Material and Methods
In vitro experiments were performed using
human CAFs isolated from fresh non-small cell lung carcinoma tumor tissues.
Radiation-induced phenotypic and epigenetic changes in CAFs were studied Tumor
regulatory functions of irradiated (iCAFs) and control CAFs was compared in
co-culture systems with different lung tumor cell lines. Pro-tumorigenic and
radioprotective effects of iCAFs were studied using proliferation, migration
and clonogenic assays. Induction of EMT in tumor cells by iCAFs was also
explored.
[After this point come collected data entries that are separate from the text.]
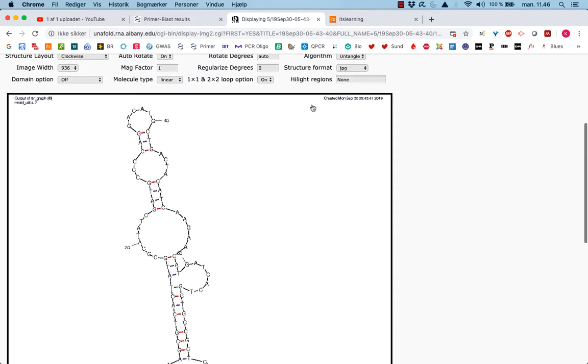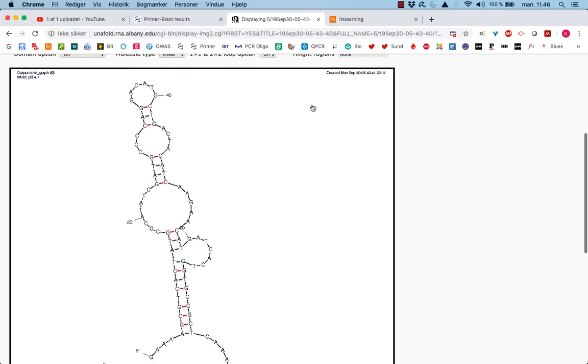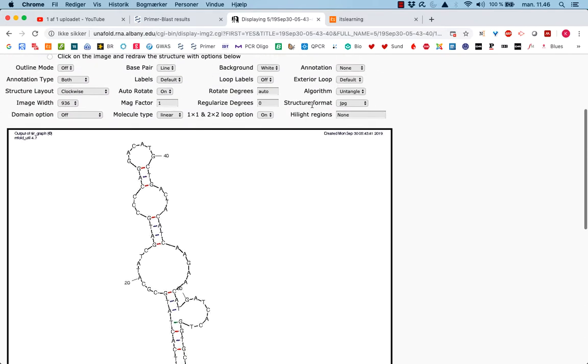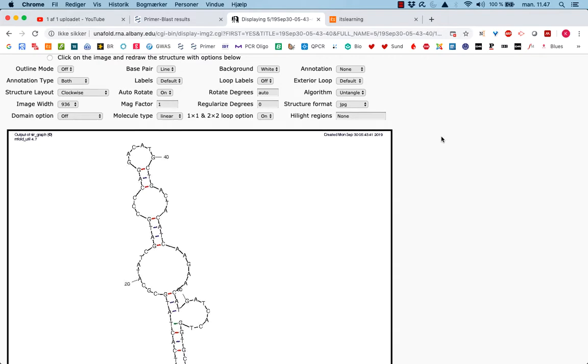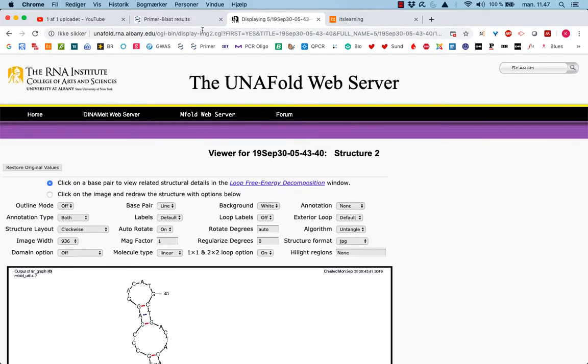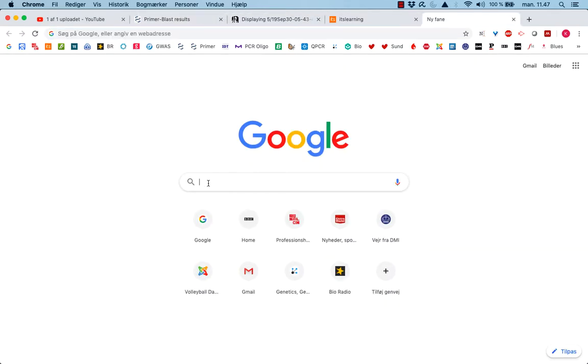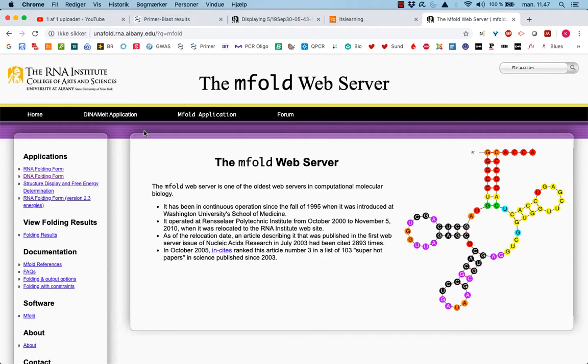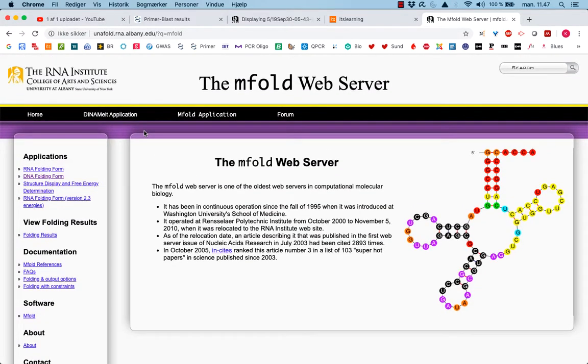Based on this, I would go through the other primer pairs designed and see if we've got less problems over there. It might not be a problem, but it can be that you will get an amplification but at much lower efficiency than you would like to have. So, this was Mfold. The address is in the presentation I give you on the website. It might be different because it sometimes moves servers. So the best way to find it is simply to go to Google and say Mfold. That was it about Mfold. Good luck with that.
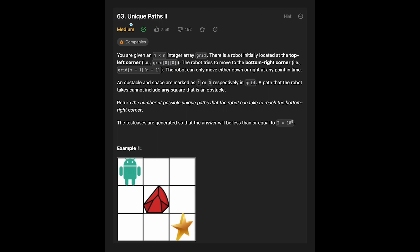Hi everyone. Today we are going to solve the LeetCode question Unique Paths 2. You are given an m by n integer array grid. There is a robot initially located at the top-left corner (0,0). The robot tries to move to the bottom-right corner (m-1, n-1). The robot can only move either down or right at any point in time. Obstacles and spaces are marked as 1 or 0 respectively in the grid, and the path cannot include any square that is an obstacle. Return the number of possible unique paths the robot can take to reach the bottom-right corner.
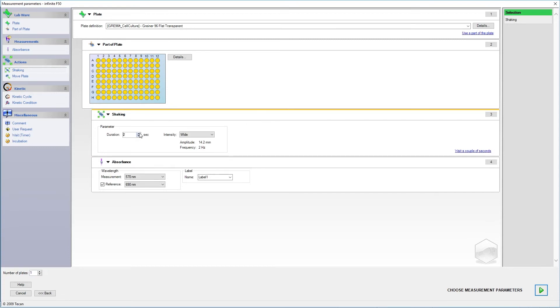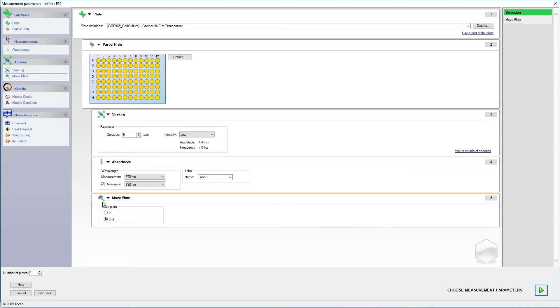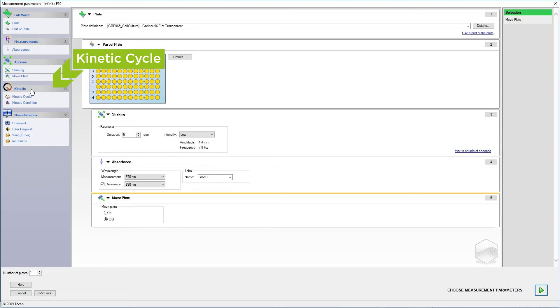For this demonstration, we want to first shake our plate, setting the desired duration and intensity. And then we can move the plate into the load position. You can also perform these actions over a time course by using the kinetic cycle parameter.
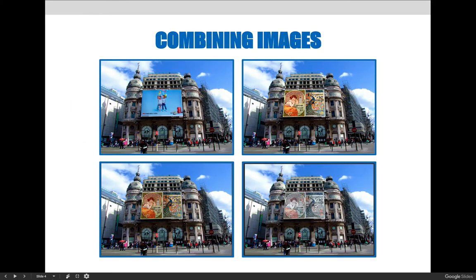When combining images, it could be to replace an element you didn't like. I have this picture — I got it off a stock image website; I believe it's from Paris, France — and there are billboards in the top left corner. Maybe I don't like that billboard, maybe I'm trying to make it look older, or maybe I'm using the background to promote my product. So in this example, all I did was copy and paste two posters onto a new layer right on top of the original billboard, but as you can see, it doesn't always look right.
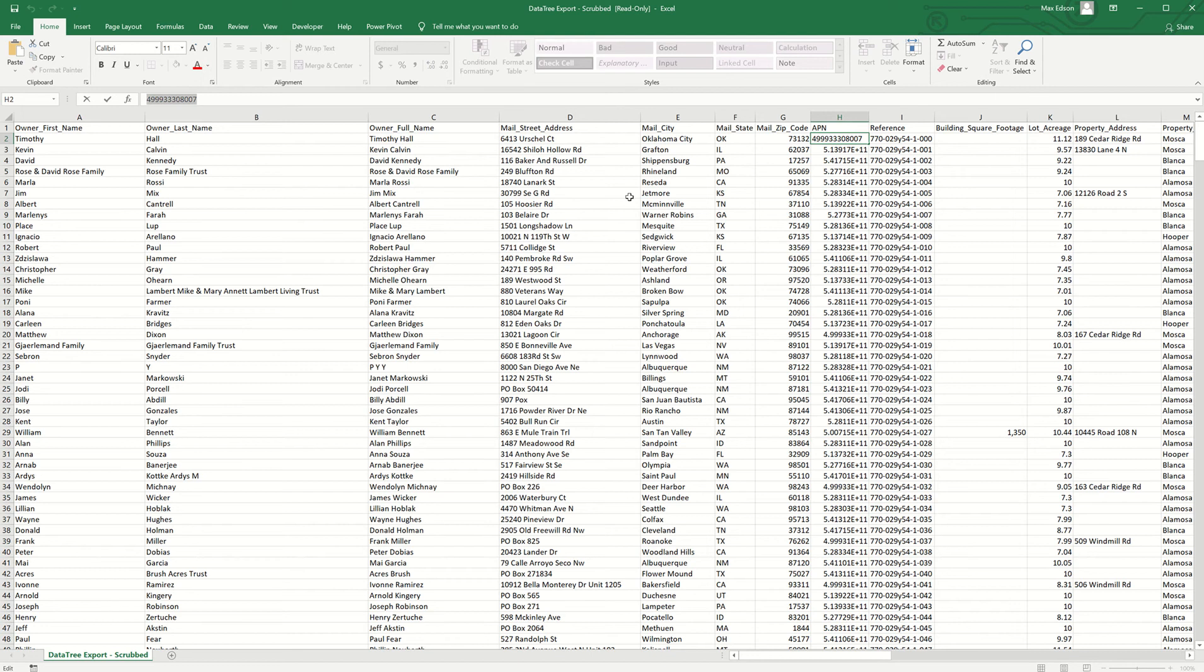The real problem comes in if you're taking the CSV file and then saving it over as an Excel file while in this format, because essentially all the values that are cut off in here will turn into zero.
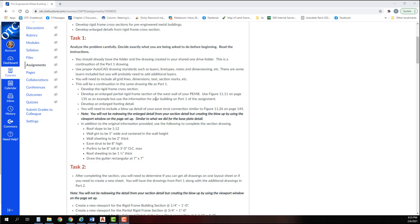Now, what we are going to do: all of these enlarged details are going to come from our rigid frame section. We're only going to draw each part one time, and then we will use our viewports to set them up into different scales and have different notes and dimensions on the appropriate drawings. I'm going to walk you through this. This will be very similar to what we did for the base plate detail.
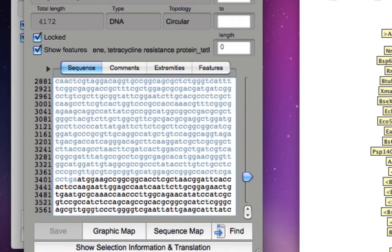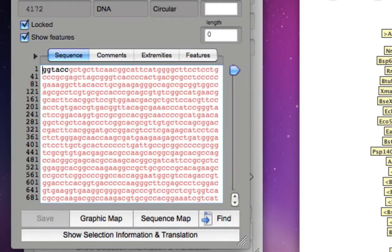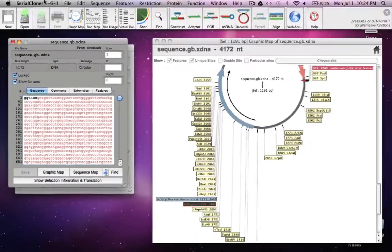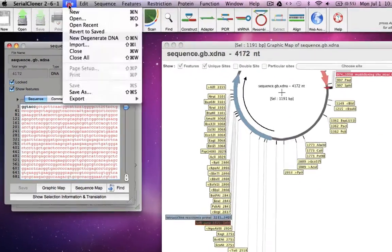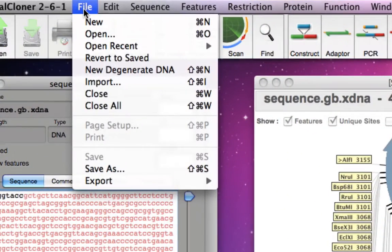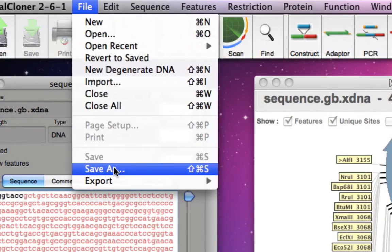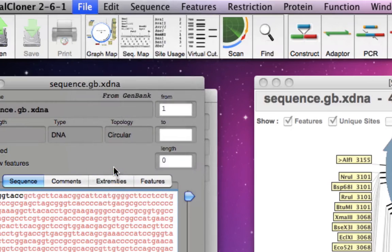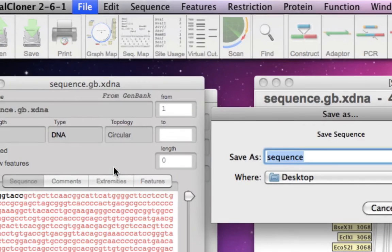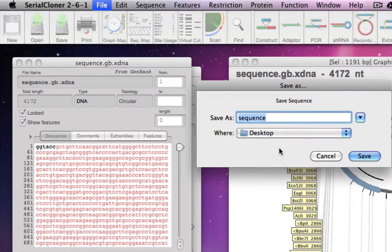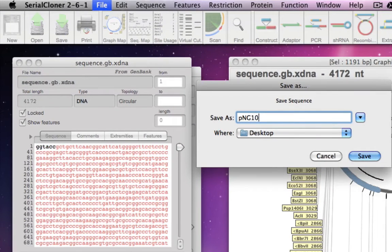Now you would like to save this sequence so that you can use it in future. Just hit Save File, then Save As, and just put the name you would like, let's say PNG10A, and save it.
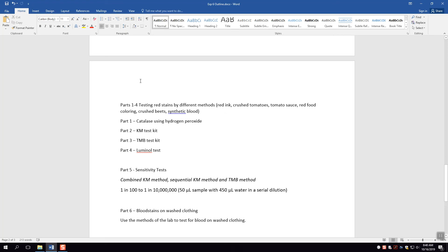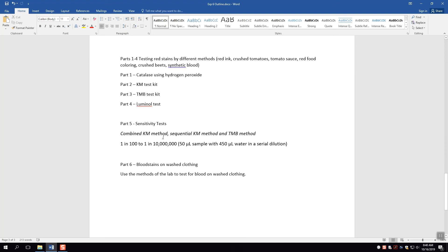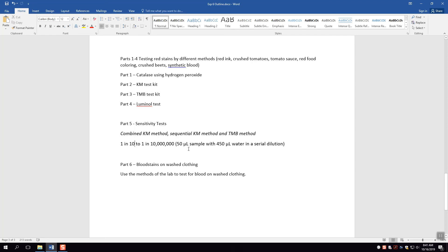The next thing you're going to do is a sensitivity test. Here you're going to do the combined KM method, that's where you mix the phenolphthalein and the hydrogen peroxide directly. The sequential KM method, that's where you put the phenolphthalein in first and the hydrogen peroxide in second, and the TMB method to test different concentrations of blood in water. First you're gonna do one in ten where you can take 50 microliters of a blood sample and mix it with 450 microliters of water. You're gonna use Eppendorf pipettes to do this, so you can ask your TA for a little bit of training on that.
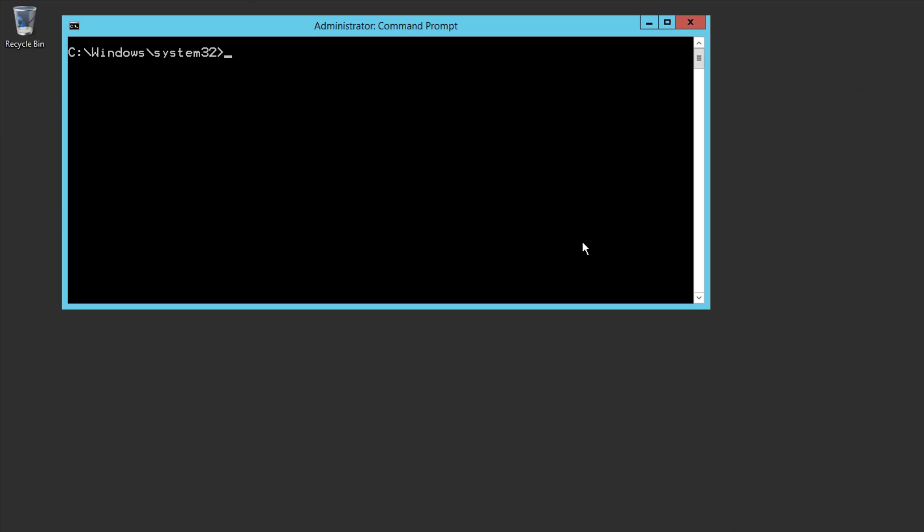Our first method is with a command prompt. Open a command prompt as admin and type in the SLMGR command. When you hit Enter, you'll get a message showing the activation has succeeded.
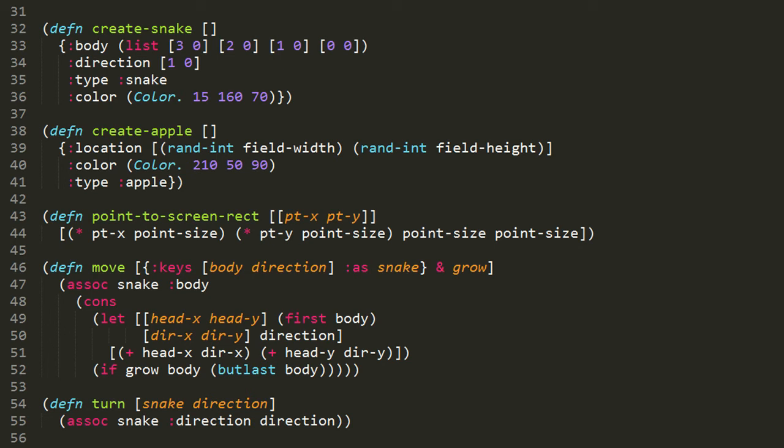The body returns a vector with four elements: the product of point-x and point-size, then point-y and point-size, then point-size and point-size. For example, if we pass in a coordinate of 3 and 0, point-size has value 15, so 3 times 15 is 45, 0 times 15 is 0, and then point-size and point-size are both 15. So we get back 45, 0, 15, 15. This will be used by a drawing function where the first two values denote a corner where to draw a rectangle, and 15 and 15 denote the width and height.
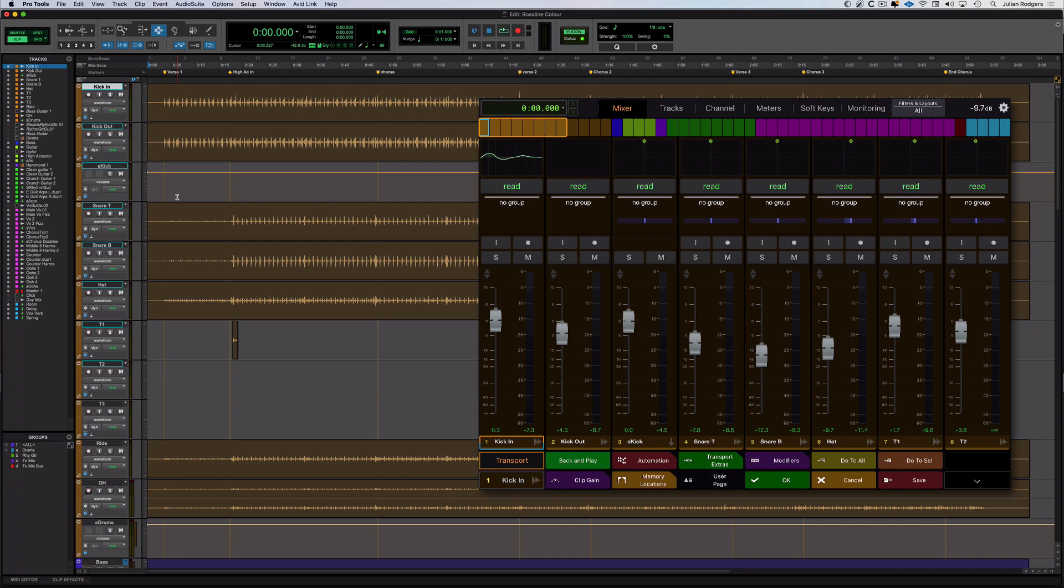Hi, this is Julian for Production Expert. If you're not already using the Avid Control app, maybe you should think about it because Pro Tools is better with it than without, and it's free and runs on hardware that you probably already own.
Radiation-induced CAFs changes and tumor growth regulation was also
studied in in vivo models.
Results
Our data show a
dose-dependent induction of cell senescence in CAFs, with a concomitant
reduction of the proliferative and migratory capacity. Expression of CAF
specific markers FAP-1, FSP-1, PDGFRa/b and α-SMA remained
unchanged following exposure to ionizing radiation (IR), whereas expression of
podoplanin was reduced. The proliferative and migratory rate of tumor cells
remained unchanged upon co-culturing with irradiated or control CAFs, and
clonogenic survival of tumor cells was also unaffected. However, CAF-mediated
EMT effects on tumor cells was reduced upon radiation. Preliminary in vivo
observations indicate that ionizing radiation does not alter the amount or the
expression of CAF activation markers in tumors. We are presently exploring the
contribution of CAFs on radiotherapy responses by means of CAF-depletion and
CAF-overexpression in in vivo models.
Conclusion
IR delivered at clinically relevant doses induces
important phenotypic changes in CAFs but does not appear to alter substantially
CAF-mediated pro-tumorigenic or radioprotective functions in tumor cells. CAF
abundance and cell signature markers remain unchanged upon external beam
radiotherapy of subcutaneously grown tumors. The ultimate role of CAFs on tumor
responses to radiotherapy warrant further investigations.